Theme is the larger subject that a story is about. It's not a moral. It's just a personal quality or emotion which the story explores. In the end, the story may take a stance on it -- and that would be a "moral" -- but the theme is not that stance. It's just the subject of that stance.
It's really hard to write something without a theme. It just sort of happens. Usually, though, you can tell a story that has a stronger theme, becuase it ties together in a more satisfying way. Sometimes when the plot itself doesn't hang together too well, but the story seems to work anyway? That's because of theme.
And some genres have specific themes of their own which you write variations into. Romance is always about finding that "happily ever after." Crime fiction explores justice (or lack thereof). Within these big themes, the author will have his or her own themes, and a particular series may have it's own theme, and an indivicual story may have it's own variation.
So, for instance, while crime fiction might be about justice, a particular series might be about couples finding their happily-ever-after (mystery/romance), or about a damaged hero struggling to live up to his own standards (many hard-boiled and police procedurals), or about trusting in the genious of a miracle worker (Miss Marple, Sherlock Holmes, etc.), or it might be about the arrogance of crime (Columbo). And the individual stories may be about self-sacrifice, or fear, or paying your dues.

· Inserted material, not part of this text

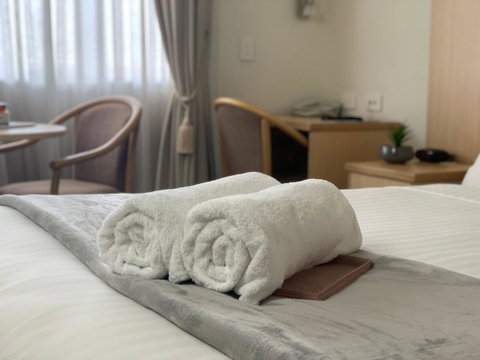 Airport Ascot Motel - Kawana Tourism 18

And in every case, the theme is also about the opposite. You can't write about fear without writing about courage. You can't write about trust without writing about mistrust. (Some people place their trust in Miss Marple, but so many dismiss her as unable to deal with anything serious.)
That's why you shouldn't mistake a theme for a moral. It doesn't work if you limit it to the final lesson. A theme works best when it's open. When it's about reflections and shadows. If your main character is afraid and needs to learn to be brave, it's perfectly okay if there's a subplot where someone is too brave and has to learn to be more cautious.
Just having those two things in a story -- like a mirror image -- creates resonance. It's like harmony -- two notes that are different and yet they work together. It doesn't even have to be obvious or overt. You don't have to force it. Just the fact that you have several people dealing with fear and courage in different ways creates these little notes.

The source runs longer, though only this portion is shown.